··· Data block

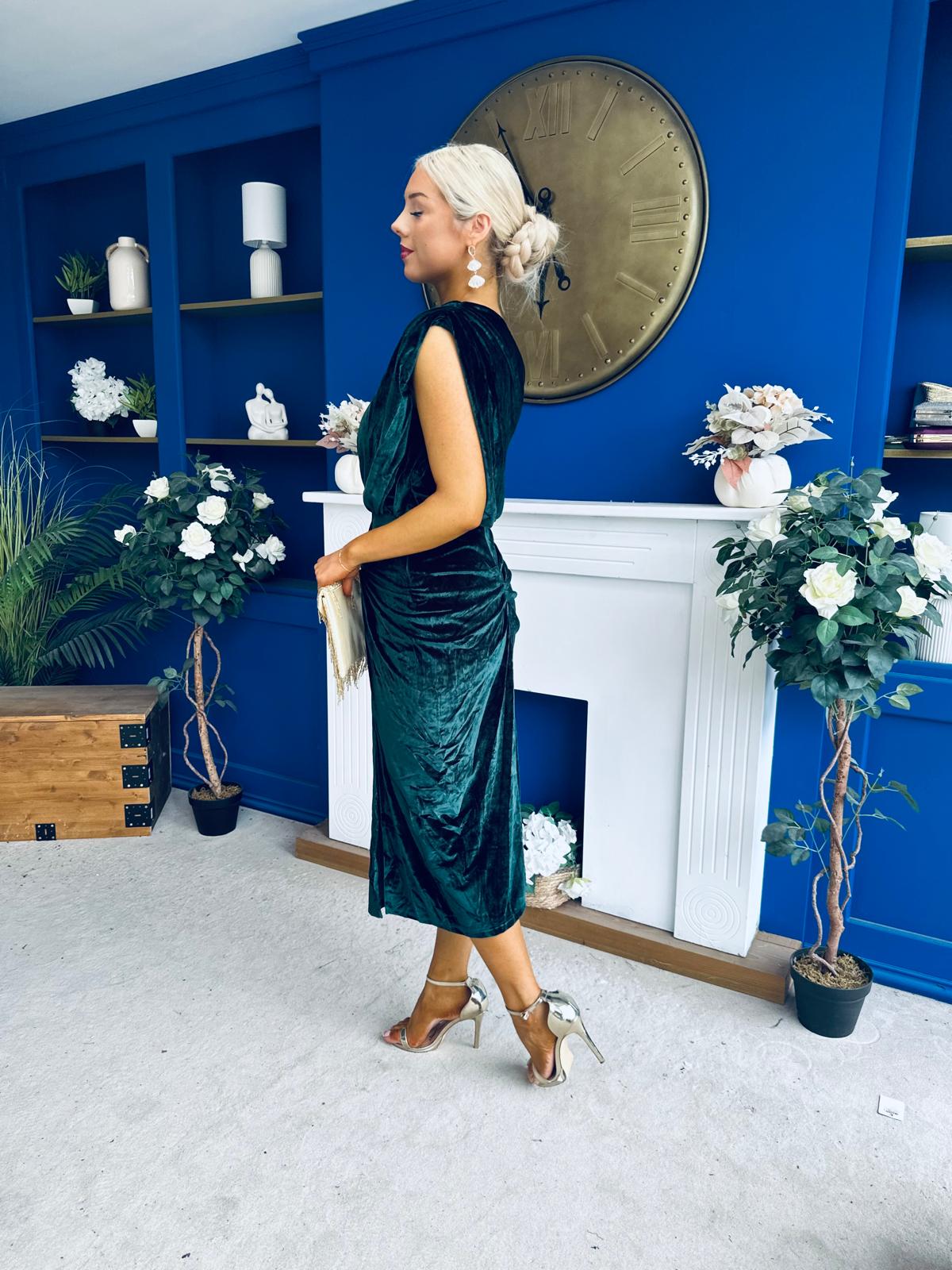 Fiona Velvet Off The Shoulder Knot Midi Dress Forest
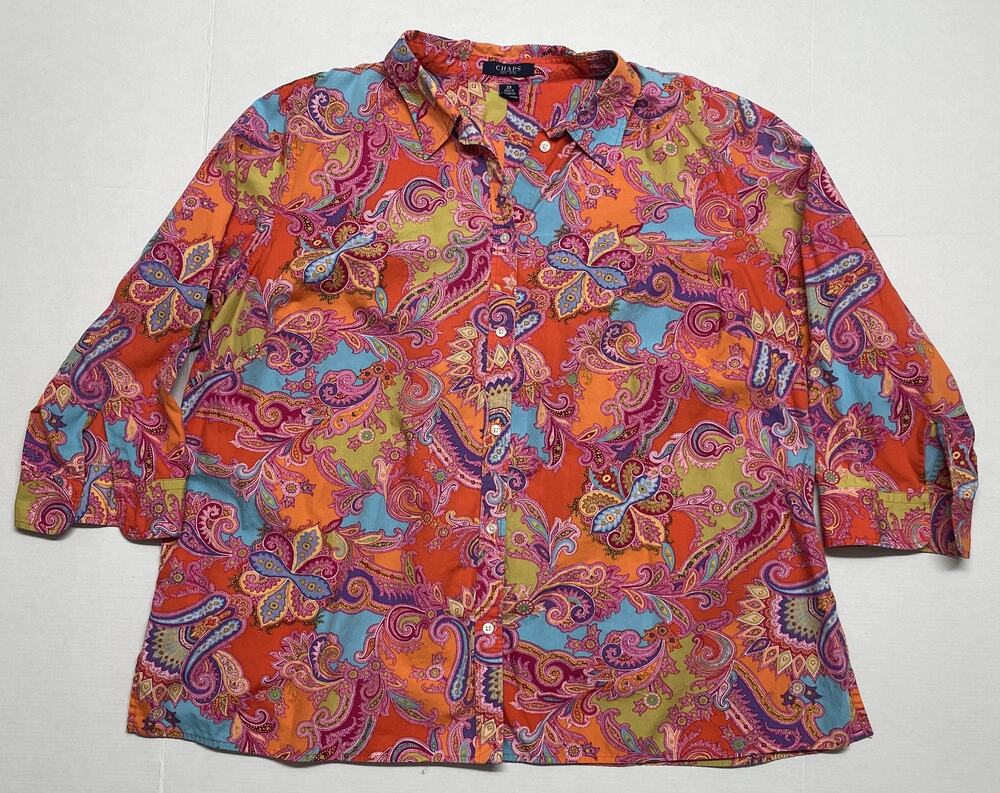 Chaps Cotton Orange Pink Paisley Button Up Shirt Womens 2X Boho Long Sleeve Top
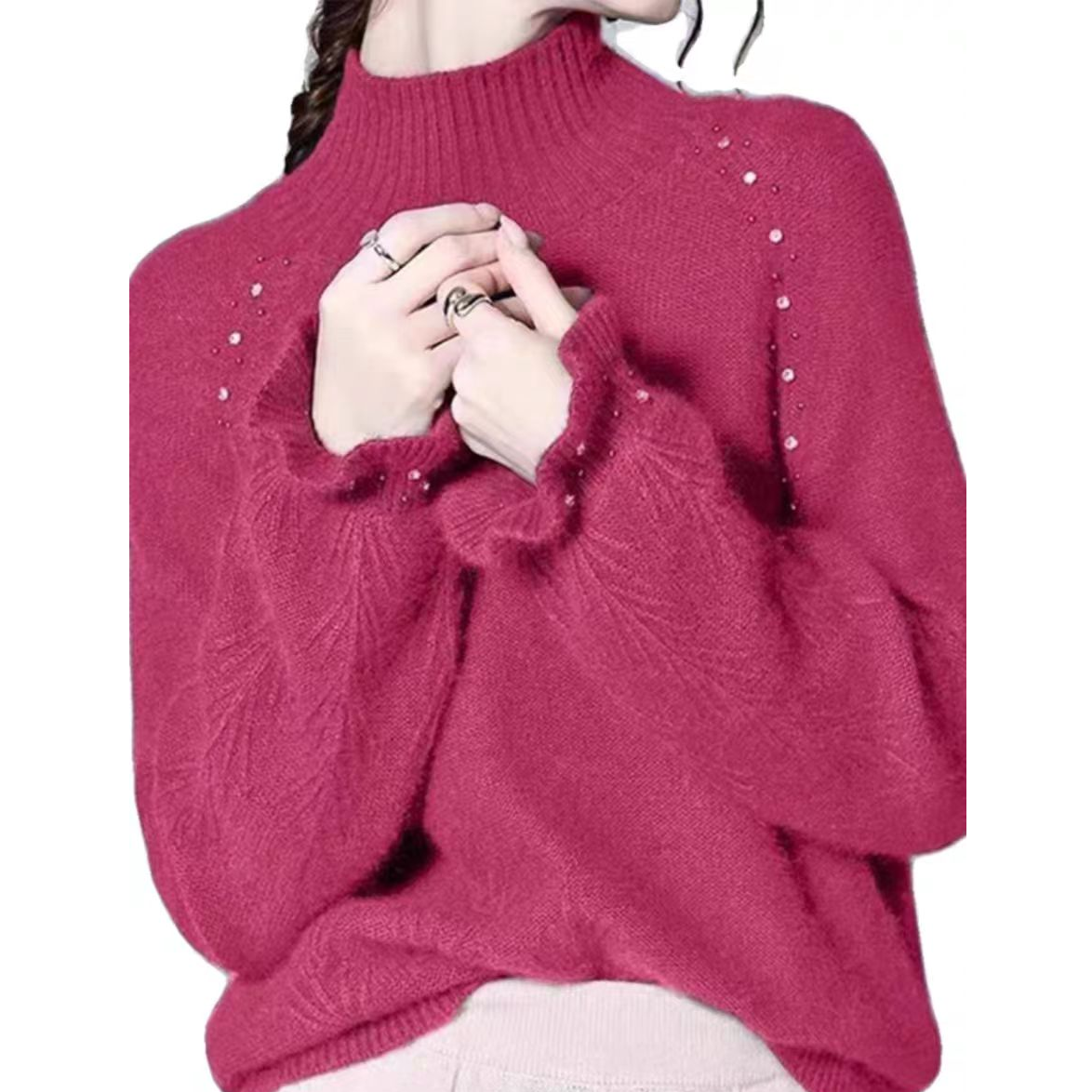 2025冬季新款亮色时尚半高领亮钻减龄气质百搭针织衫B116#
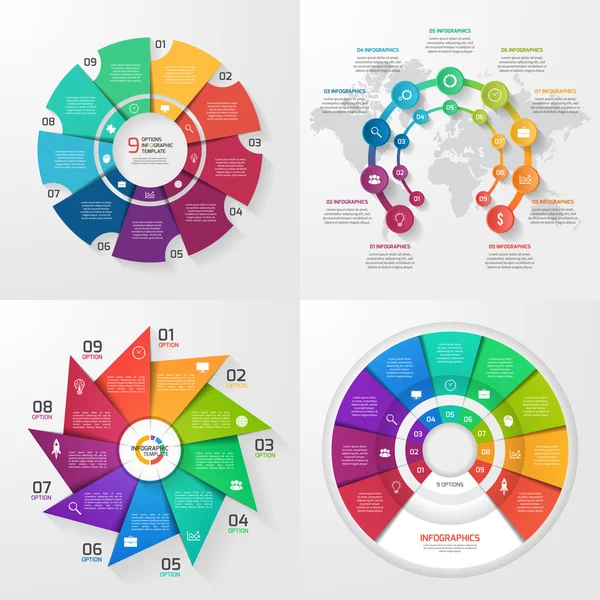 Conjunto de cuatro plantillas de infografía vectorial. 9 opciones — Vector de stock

······

* _Instructions for the task_
Repeat all the data as it stands, dropping any images it holds.

* _Answer to this exercise_
 Fiona Velvet Off The Shoulder Knot Midi Dress Forest
 Chaps Cotton Orange Pink Paisley Button Up Shirt Womens 2X Boho Long Sleeve Top
 2025冬季新款亮色时尚半高领亮钻减龄气质百搭针织衫B116#
 Conjunto de cuatro plantillas de infografía vectorial. 9 opciones — Vector de stock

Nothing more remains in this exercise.